Legendary British theatre director Peter Brook, who was among the most influential theatre directors of the 20th century, passed away at the age of 97.
Critics hailed Brook as “the best director London does not have”. He was born in London in 1925 to a family of Jewish scientists who had immigrated from Latvia.
Best-known for his 1985 masterpiece “The Mahabharata”, a nine-hour version of the Hindu epic, the director lived in Paris from the early 1970s where he set up the International Centre for Theatre Research in an old music hall called the Bouffes du Nord.
Brook left audiences in London and New York astonished with his era-defining “Marat/Sade” in 1964, which won a Tony award, and wrote “The Empty Space”, one of the most influential texts on theatre ever, three years later.
Its opening lines became a manifesto for a generation of young performers who would forge the fringe and alternative theatre scenes.
“I can take any empty space and call it a bare stage,” he wrote. “A man walks across an empty space whilst someone else is watching him, and this is all that is needed for an act of theatre…”
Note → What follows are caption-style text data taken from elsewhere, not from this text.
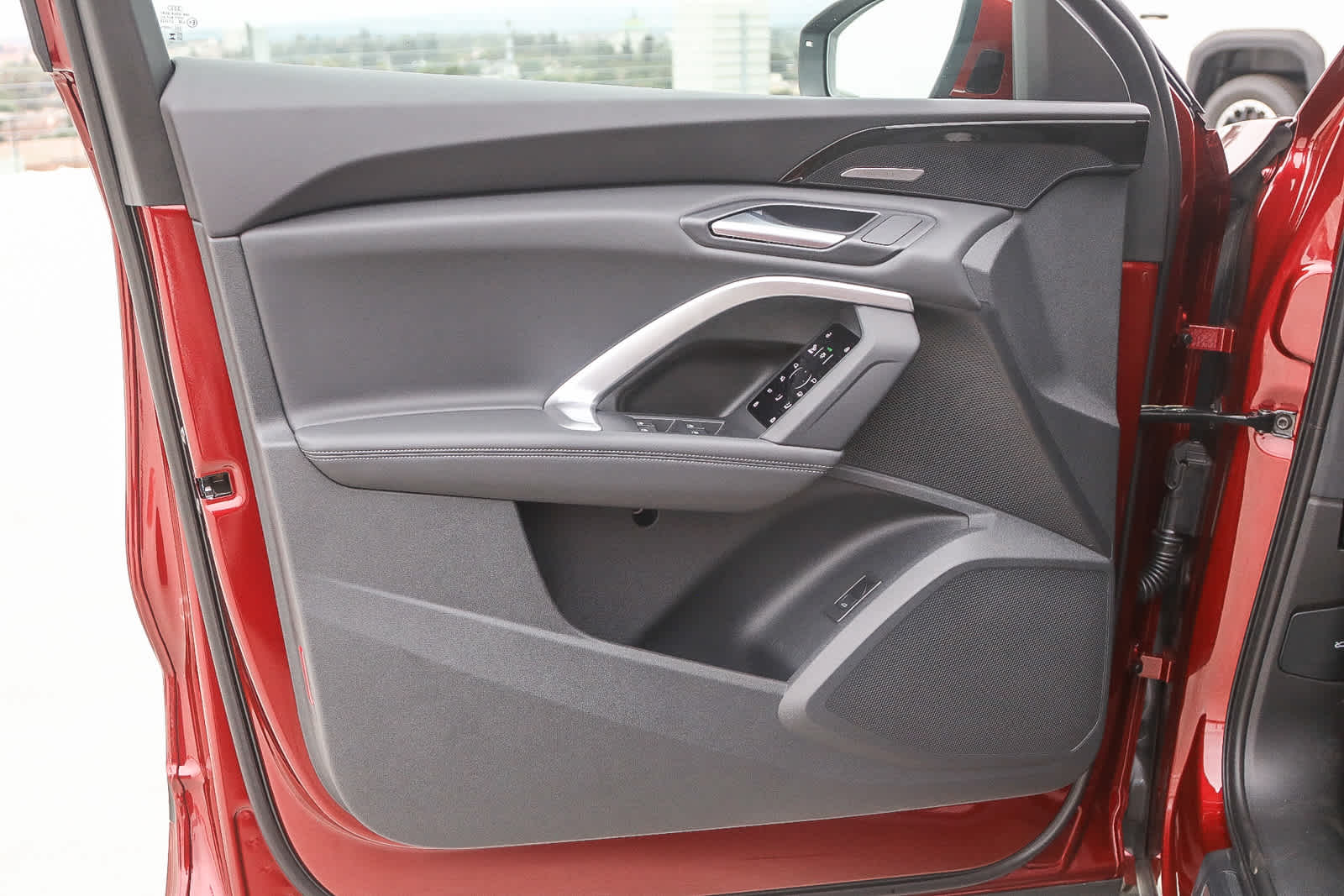 Thumbnail: 2025 Audi Q5 - 22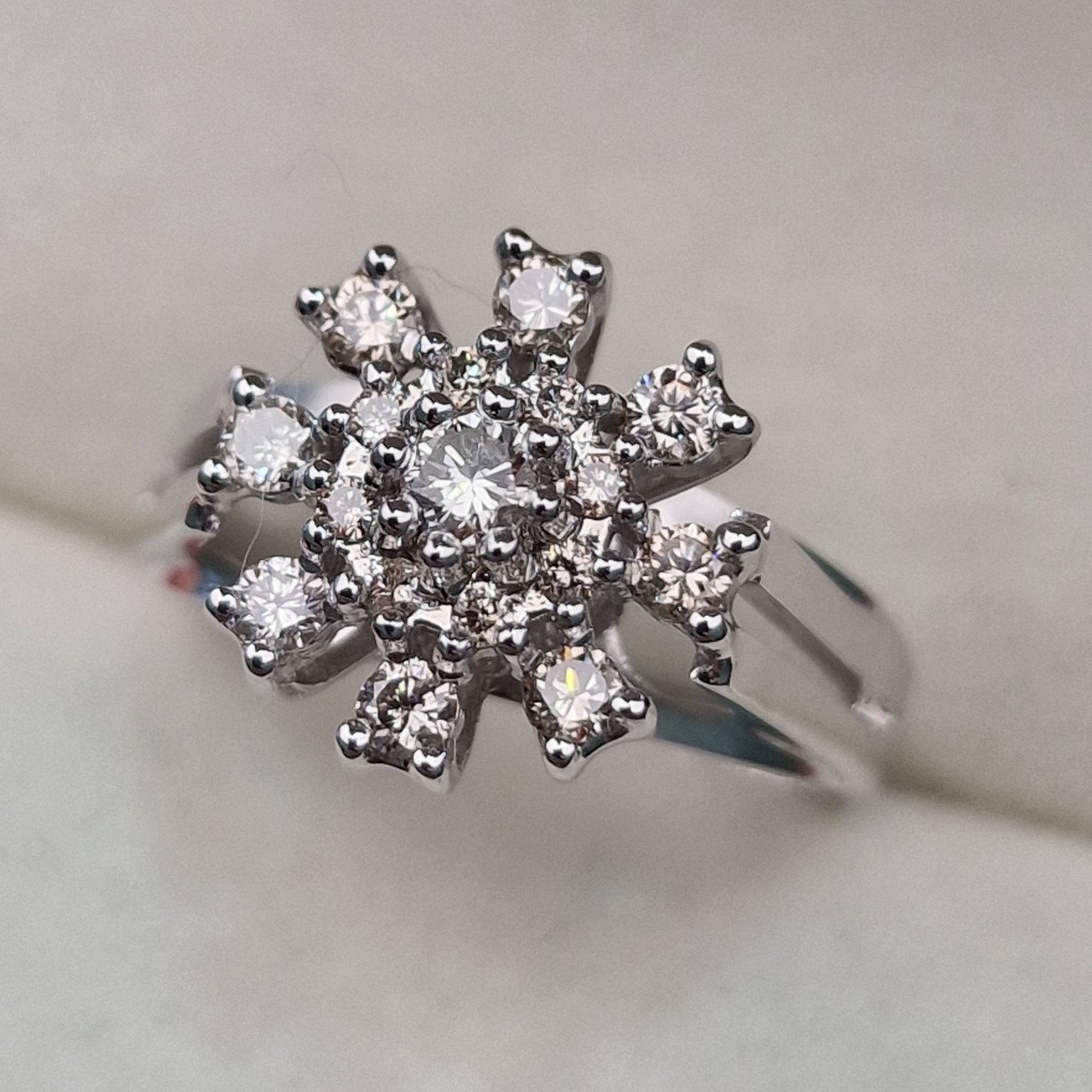 Кольцо Deimantas 104722692 17р 4,3гр 0,461ct. купить,NaN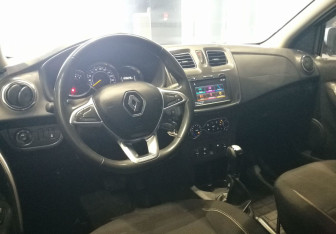 Подержанный автомобиль Renault Logan Sedan 2019 года (12 фото)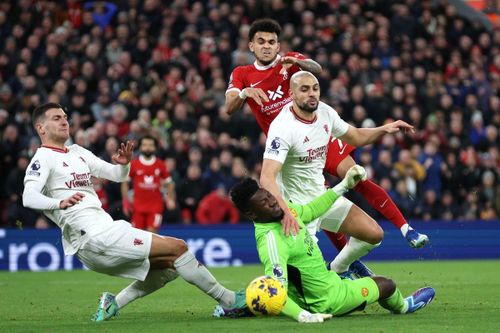  Hàng thủ MU có trận đấu hay trước Liverpool. 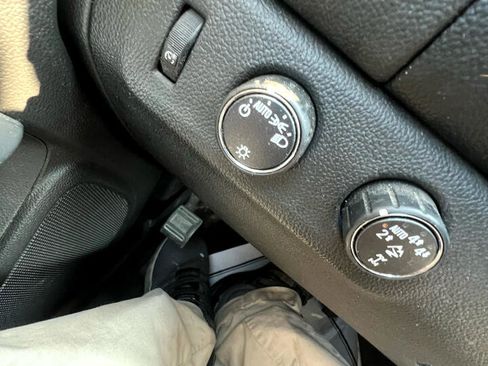 Used 2019 Chevrolet Colorado ZR2 image 24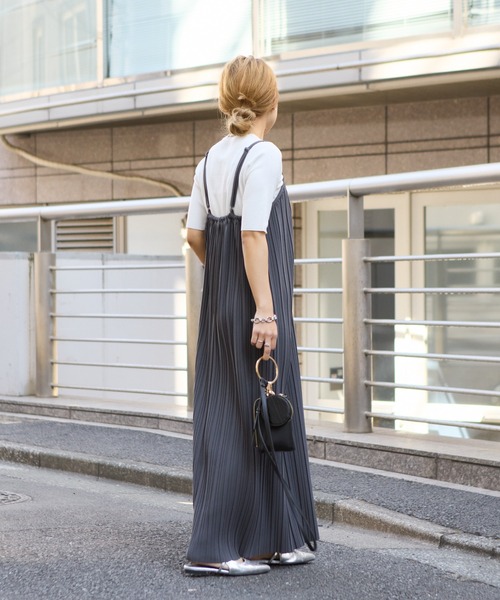 COLONY 2139（コロニートゥーワンスリーナイン）の「ビスコースリブクルー半袖ニット（ニット/セーター・レディース・オフホワイト/ブラック/サンドベージュ/ブラウン・FREE）」の11枚目の写真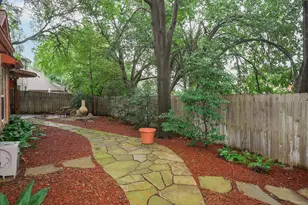 1717 Parkwood Dr, Grapevine, TX 76051 - Photo 24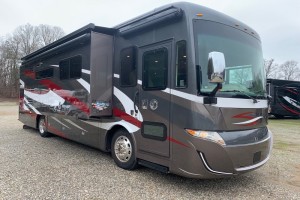 Pre-owned 2022 Tiffin Motorhomes Allegro Red 340 33AL Class A - Diesel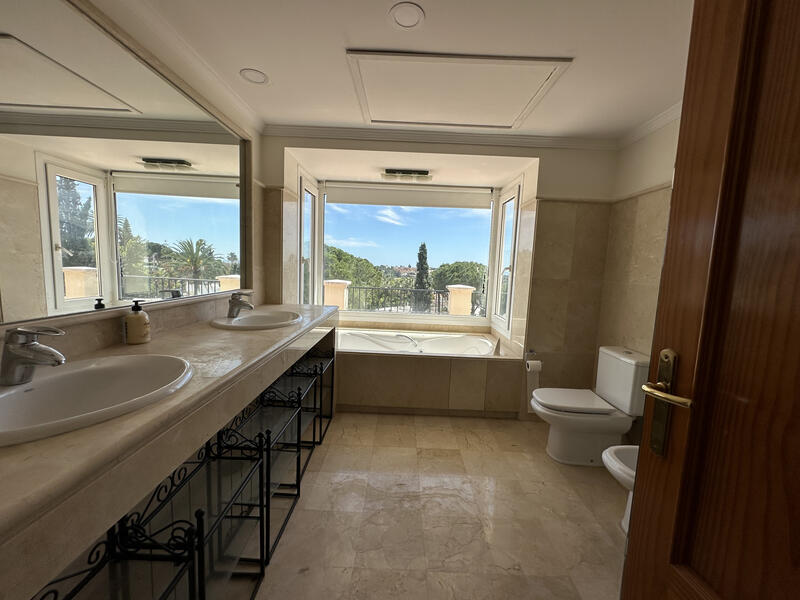 6 bedroom Villa for sale 6 bedroom Villa for sale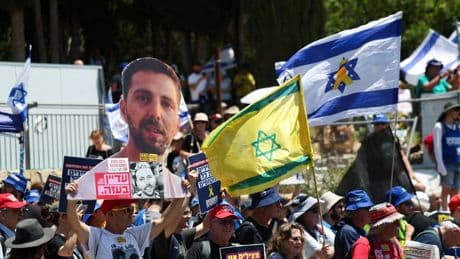Israeli protesters demand Gaza ceasefire and hostage deal outside Netanyahu’s office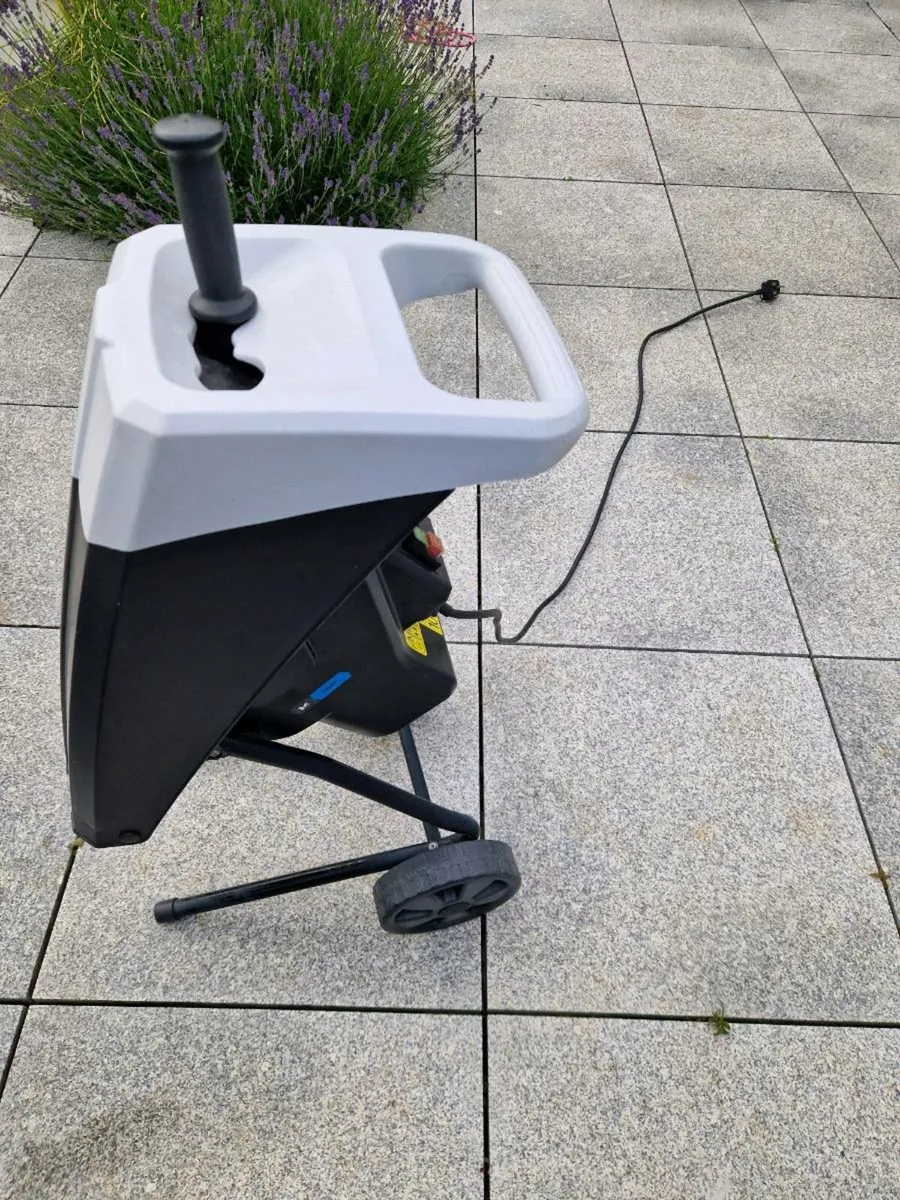 Garden Shredder - Image 1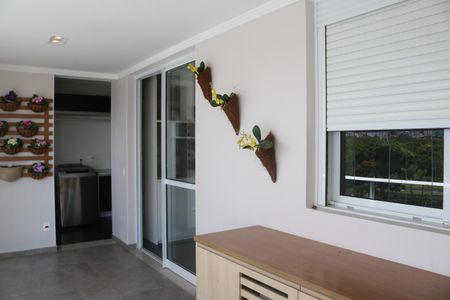 Apartamento à venda com 87m², 1 quarto e 2 vagasVaranda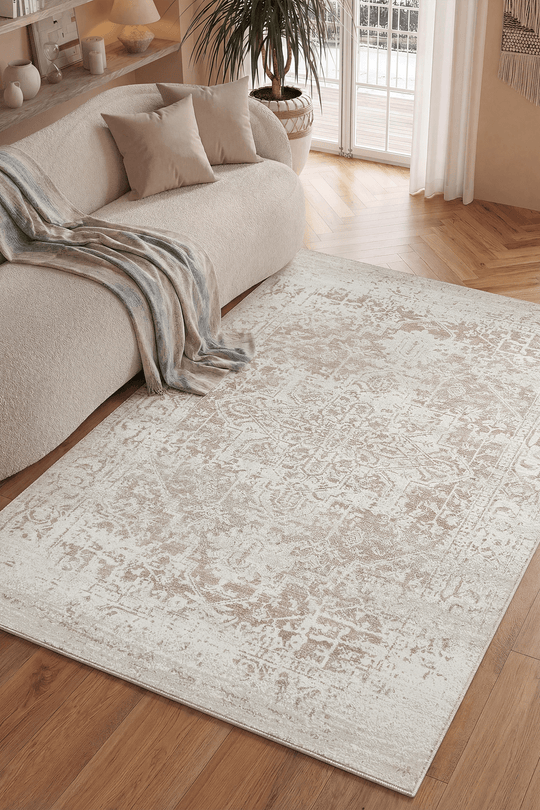 Private XW vintage halı açık krem renkli sade vintage desenli, modern salon dekorasyonunda koltuk ile uyumlu halı modeli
Brook’s startling 1970 Royal Shakespeare Company production of “A Midsummer Night’s Dream” in a white-cube gymnasium was considered a turning point in world theatre.
It inspired actress Helen Mirren to abandon her burgeoning mainstream career to join his nascent experimental company in Paris.
Mirren later described it as “the most frightening thing I have ever done. There was nothing to hold onto.”
He “thought that stardom was wicked and tasteless… I just wanted my name up there,” the actress told AFP.
Drama critic John Heilpern, who documented their journey in a bestselling book, noted that Brook believed theatre was about freeing the audience’s imagination.
“Every day they would lay out a carpet in a remote village and would improvise a show using shoes or a box,” he later told the BBC. “When someone entered the carpet the show began. There was no script or no shared language.”